Еще одним примером может служить разделение Петрограда на два враждебных стана, с особенной силой обнаружившееся в период между февральской и октябрьской революциями 1917 года. В прямом виде, но очень бегло, Илья Григорьевич упомянул об этом своем наблюдении в начале второй книги воспоминаний, однако в развернутом – на «парижских страницах», посвященных сравнению двух русских эмиграций – «красной» и «белой»: «Все отличало дореволюционную эмиграцию от белой. Русские беженцы, добравшиеся после революции до Парижа, поселились в буржуазных кварталах – в Пасси, в Отэй; а революционная эмиграция жила на другом конце города, в рабочих районах Гобелен, Итали, Монруж. Белые пооткрывали рестораны „Боярский теремок“ или „Тройка“; одни были владельцами трактиров, другие подавали кушанья, третьи танцевали лезгинку или камаринскую, чтобы позабавить французов. А эмигранты-революционеры ходили на собрания французских рабочих; эсеры спорили с эсдеками, „отзовисты“ – с сторонниками Ленина. Разные люди – разная и жизнь…». Как видим, Н.С.Хрущев не был так уж неправ, когда оценил книгу «Люди, годы, жизнь» как «взгляд из парижского чердака на историю советского государства». Форма высказывания, как это часто случалось у Никиты Сергеевича, была хамской – зато наблюдению, положенному в его основу, нельзя отказать в меткости.

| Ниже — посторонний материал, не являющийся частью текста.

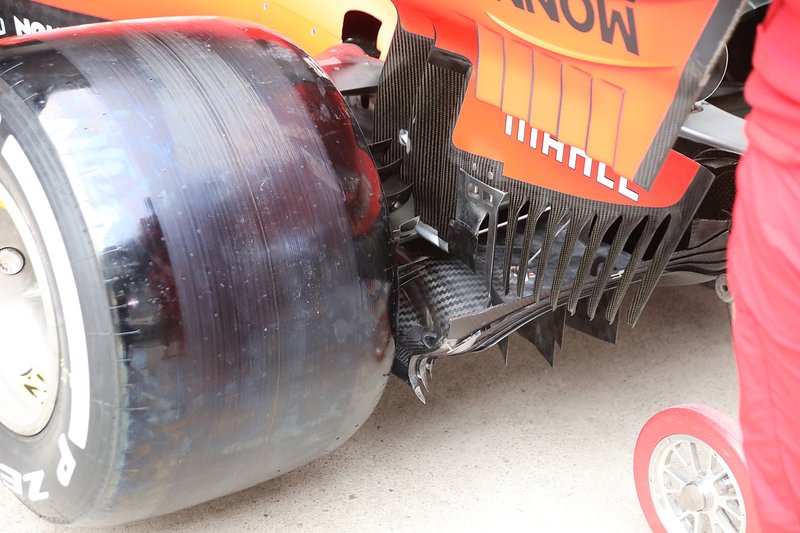 Ferrari SF90: dettaglio del diffusore posteriore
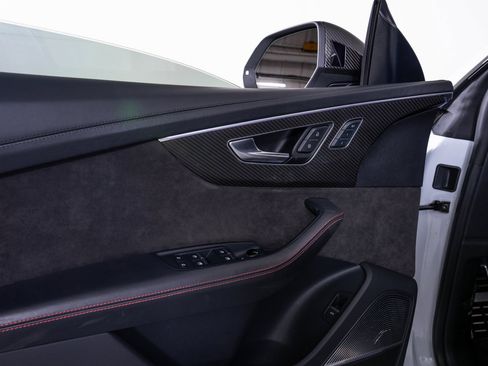 Used 2021 Audi RS Q8 image 16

Эренбург еще договаривал свою «весть о всеединстве», как его стали перебивать голоса совсем других людей, не располагавших ни его политическими заслугами, ни жизненным опытом, но уверенных в своем праве судить обо всем. То переходя на крик, то осекаясь, они говорили о том, что семнадцатый год прекратил поступательное развитие классической русской культуры, полностью разрушив ее. Можно надеяться на новый культурный подъем, даже духовное возрождение – но его инициаторы, как деятели всякого ренессанса, подойдут к старой культуре именно как к мертвому материалу: отбросят одно, воспримут другое, но переосмыслят все. Если Бог даст таланта и сил, на этой основе может возникнуть какая-то новая, неведомая пока культура. Делать вид, что старая традиция не погибла, что она продолжается, есть дело недобросовестное.